Por LETICIA LEÓN
Está entrenado. Pone en práctica el consejo de Goethe que tanto le gusta citar: “pensar es mejor que saber, pero no mejor que mirar”. Detecta biografías de un vistazo y las calca en pocas líneas. Así surge Diario de un librero, que es una recopilación de historias sobre su experiencia como vendedor en una librería. Allí, su mirada convierte a los clientes que pasean por los pasillos de la librería en libros andantes, ejemplares de distintas especies que solo un ojo experimentado y una mano hábil como la de Luis Mey pueden plasmar de un trazo y con profundidad. Con oraciones cortas. Con el ritmo de lo cotidiano. Con humor. Entonces, con solo delinear dos gestos —“un señor me chista… y me hace señas con la mano en alto y los dedos como remando: ‘vení’, ‘vení’, pero sin hablar”—, los lectores podemos construir la psiquis del personaje en cuestión.
Diálogos y descripciones breves grafican con exactitud y dinamismo, situaciones (insólitas) que nos pasean por una paleta de sentimientos. Nos reímos cuando le piden los libros “Las nenas abiertas de América Latina” y “Anal Karenina”, o cuando utiliza a su compañero Héctor de puchinball, si está estresado. Nos enternecen los asados con sus padres y las charlas con su madre.

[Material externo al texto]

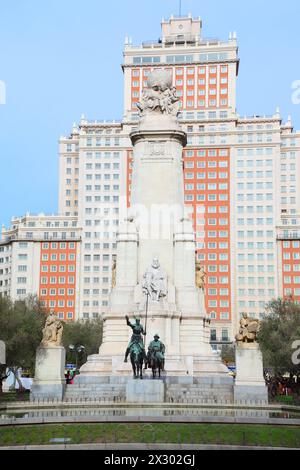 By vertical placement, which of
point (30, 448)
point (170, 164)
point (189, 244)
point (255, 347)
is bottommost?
point (30, 448)

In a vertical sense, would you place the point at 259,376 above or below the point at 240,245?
below

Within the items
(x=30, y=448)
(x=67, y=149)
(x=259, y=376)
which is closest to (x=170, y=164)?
(x=259, y=376)

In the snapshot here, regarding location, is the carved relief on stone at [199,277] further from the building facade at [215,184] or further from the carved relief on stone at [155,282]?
the building facade at [215,184]

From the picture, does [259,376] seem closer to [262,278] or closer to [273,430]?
[273,430]

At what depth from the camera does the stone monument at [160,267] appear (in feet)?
134

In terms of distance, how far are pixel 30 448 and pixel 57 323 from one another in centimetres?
2121

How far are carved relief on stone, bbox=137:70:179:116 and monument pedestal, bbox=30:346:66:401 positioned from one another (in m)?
18.9

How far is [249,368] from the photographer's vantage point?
3591cm

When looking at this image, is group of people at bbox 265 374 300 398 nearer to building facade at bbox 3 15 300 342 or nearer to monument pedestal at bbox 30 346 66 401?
monument pedestal at bbox 30 346 66 401

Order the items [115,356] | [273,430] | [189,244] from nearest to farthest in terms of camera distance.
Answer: [273,430] < [115,356] < [189,244]

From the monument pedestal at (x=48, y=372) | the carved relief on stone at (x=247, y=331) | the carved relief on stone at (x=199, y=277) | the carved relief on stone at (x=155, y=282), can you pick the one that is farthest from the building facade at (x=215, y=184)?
the monument pedestal at (x=48, y=372)

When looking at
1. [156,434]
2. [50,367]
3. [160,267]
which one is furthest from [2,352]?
[156,434]

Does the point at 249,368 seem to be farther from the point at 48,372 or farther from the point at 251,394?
the point at 48,372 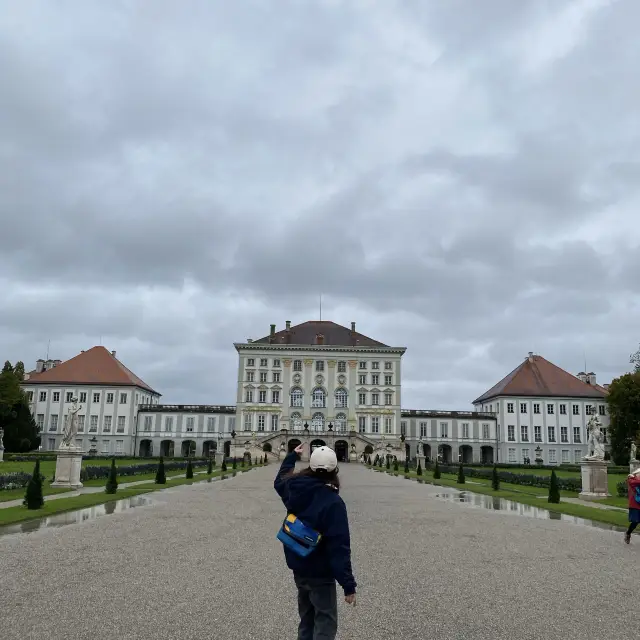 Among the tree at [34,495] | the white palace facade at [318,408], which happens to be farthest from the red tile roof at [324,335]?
the tree at [34,495]

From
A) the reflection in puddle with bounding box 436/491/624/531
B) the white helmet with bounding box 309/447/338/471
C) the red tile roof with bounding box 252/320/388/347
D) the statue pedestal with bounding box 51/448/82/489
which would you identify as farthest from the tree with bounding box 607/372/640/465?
the white helmet with bounding box 309/447/338/471

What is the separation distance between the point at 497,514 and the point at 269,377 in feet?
208

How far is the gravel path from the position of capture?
604 cm

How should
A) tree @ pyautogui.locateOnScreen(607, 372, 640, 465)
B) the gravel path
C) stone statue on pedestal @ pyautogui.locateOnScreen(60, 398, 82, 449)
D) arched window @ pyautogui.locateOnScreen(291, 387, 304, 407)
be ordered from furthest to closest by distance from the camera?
arched window @ pyautogui.locateOnScreen(291, 387, 304, 407), tree @ pyautogui.locateOnScreen(607, 372, 640, 465), stone statue on pedestal @ pyautogui.locateOnScreen(60, 398, 82, 449), the gravel path

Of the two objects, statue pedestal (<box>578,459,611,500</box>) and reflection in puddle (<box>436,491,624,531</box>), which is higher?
statue pedestal (<box>578,459,611,500</box>)

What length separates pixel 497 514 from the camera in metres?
17.0

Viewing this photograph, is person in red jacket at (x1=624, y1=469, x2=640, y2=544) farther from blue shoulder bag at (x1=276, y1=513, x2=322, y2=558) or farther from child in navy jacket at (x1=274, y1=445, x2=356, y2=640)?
blue shoulder bag at (x1=276, y1=513, x2=322, y2=558)

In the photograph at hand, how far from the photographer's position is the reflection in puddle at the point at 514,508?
15.4 meters

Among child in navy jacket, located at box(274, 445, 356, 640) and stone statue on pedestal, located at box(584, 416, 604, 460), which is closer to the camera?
child in navy jacket, located at box(274, 445, 356, 640)

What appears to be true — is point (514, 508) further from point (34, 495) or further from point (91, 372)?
point (91, 372)

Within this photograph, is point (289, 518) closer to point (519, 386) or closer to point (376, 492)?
point (376, 492)

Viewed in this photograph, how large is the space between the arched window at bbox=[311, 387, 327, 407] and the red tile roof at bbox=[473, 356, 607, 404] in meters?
20.0

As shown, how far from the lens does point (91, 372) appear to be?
78125 mm

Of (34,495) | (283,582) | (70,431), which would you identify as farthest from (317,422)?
(283,582) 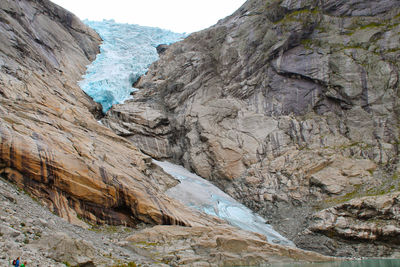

La prosa de Mey está plagada de síntesis e ironías. Juega con la ambigüedad del lenguaje. A veces, sus sutilezas son furiosas y las piñas se le atracan en el bolsillo. Sobre todo si se trata de un cliente que le exige que le alcance con rapidez el libro “Comen” por “Viven”, lo trata de bruto por desconocerlo, y, encima, luego de aclarale el error, el cliente responde: “¿Viven? Ah… Bueno… ¿Sí? Comen, Viven… Es lo mismo… Hay que comer para vivir y… Dame el libro que el taxi está esperando”.
En Diario de un librero tampoco falta la crítica: auto, literaria y social. Pues Luis Mey también confiesa apenado que ni él ni sus compañeros pudieron ayudar a la chica “encargada de la limpieza” que, llorando, tuvo que sacar el enorme “sorete” que habían dejado arriba de la tapa del inodoro del baño de la librería.
El libro es ameno y variado. La estructura “diario” favorece la aparición de reflexiones que, en este caso, tienen la perspicacia de un buen librero —sabe leer clientes—, y la sensibilidad y precisión de un buen escritor —sabe mirar—.